Need for scaling continuous variables (e.g., standardization or normalization) for causal inference

Question

I am currently trying to run a linear regression model to identify the effect of several explanatory variables X on a response variable Y. My advisor asks me to scale the continuous explanatory & control variables by standardization or normalization. He anticipates that it will improve the regression results (no details).

From my understanding, scaling only affects the size of coefficients, not the significance (including t-statistics and R-square). This does not even change the distribution of the variable as in log transformation to obtain a normal distribution. Thus, scaling would only make it difficult to interpret the coefficient. If what I am trying to do is the data preprocessing for one of the machine learning algorithms (many classifiers) that would determine the importance of each explanatory variable, it would make sense. However, I am more interested in explaining the causality of X on Y, rather than prediction through machine learning.

In this case, is it necessary to use standardization or normalization for my regression model?

Answer 1

Standardization for causal inference is a tricky business

This is an amazing question because it raises an unresolved issue at the heart of causal inference: What is a causally meaningful level of representation? The representation includes choosing variables and, as in your case, a suitable measurement scale. Standardization amounts to assuming that a re-scaled version of the measured data is more suitable. This may be justifiable for predictive tasks, but it becomes a lot more tricky in the context of causal inference. The scale of variables may contain useful information but it could also distort your results.

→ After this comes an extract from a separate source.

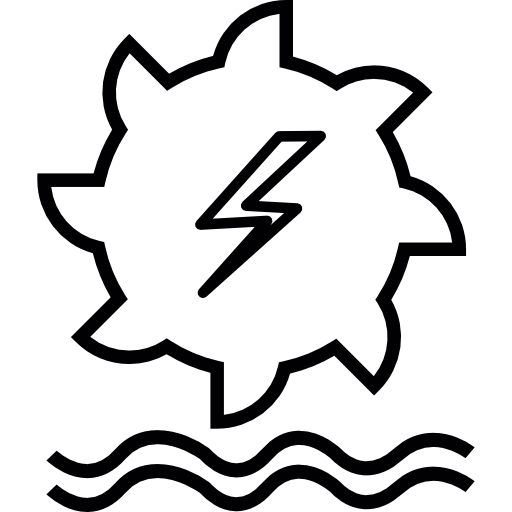 Hydro power generation - Free signs icons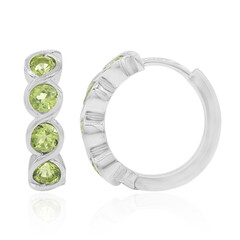 Orecchini in argento con Peridoto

Information in the data scale

From a statistical perspective, you are right in observing that standardization would (in linear regression) affect only coefficient magnitudes, but not statistical significance. So if your method of causal inference only relies on significance, this is not a problem in the first place. However, the data scale (if it is known, as could be the case for example with count data) may hold useful information about the relationship between variables. This fact has been used for example by the winning submission to a competition on finding causal links.

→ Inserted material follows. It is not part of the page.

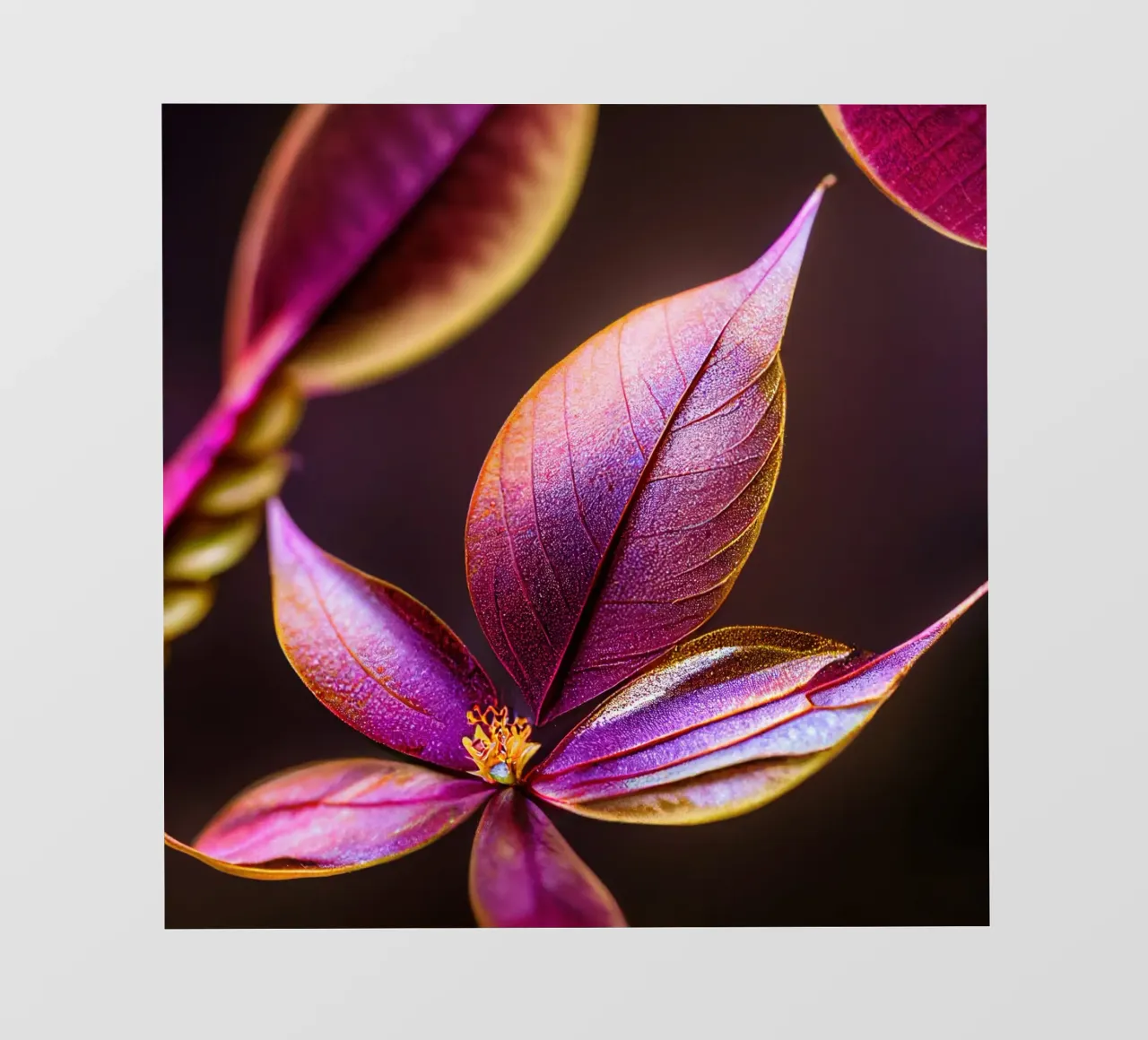 Macro Fiore di mirto comune pellicola backlit da Bold Blooms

The promise and pitfalls of scale-sensitivity

At the same time, attempting to use information in the data scale may change results in unintended ways. If a suitable data scale is not known, variables with scale-dependent properties such as high variance may come to dominate results (as would be the case e.g. for penalized regression). A recent work on synthetic data from causal models shows that many models produce data with strong scale patterns. These patterns are shown to dominate the performance of algorithms estimating causal structure and influence between variables. This might be a good thing if there was information in the data scale, but in the real world that is hard to be sure of. After all, many scales are arbitrary and who knows whether we should measure in meters or millimeters, pounds or kilogram, bitcoin or USD, and so on.

Take-away

Whether or not you should standardize depends on your method and your domain. If you are convinced that you know the right scale and there may be information in the raw coefficients, then using the original scale may give you additional insights. If you don't know the right scale and/or are not trying to use it, standardization is a good idea to reduce the risk that the data scale changes results in unintended ways.